INSTRUCTIONS FOR THE TASK: Pictures within the data are to be left out; everything else must be reproduced exactly.

MATERIAL PROVIDED:
BEGIN

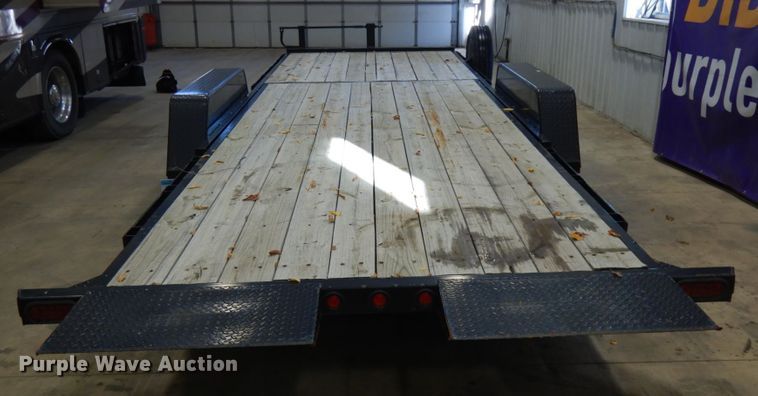 image for item JQ9252 2015 Kaufman  tilt deck equipment trailer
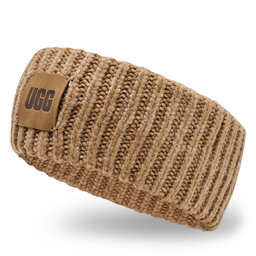 Ugg Textilná čelenka Ugg W Chunky Ribbed Headband 22658 Camel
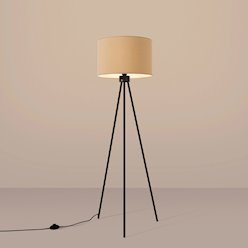 Lampa podłogowa z abażurem Nevia 1xE27 taupe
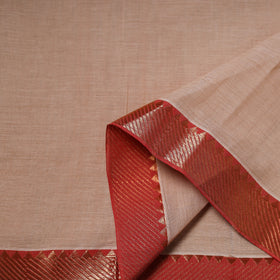 Handloom Mangalagiri Cotton Fabric with Nizam Zari Border 37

END

ANSWER BOX:
 image for item JQ9252 2015 Kaufman  tilt deck equipment trailer
 Ugg Textilná čelenka Ugg W Chunky Ribbed Headband 22658 Camel
 Lampa podłogowa z abażurem Nevia 1xE27 taupe
 Handloom Mangalagiri Cotton Fabric with Nizam Zari Border 37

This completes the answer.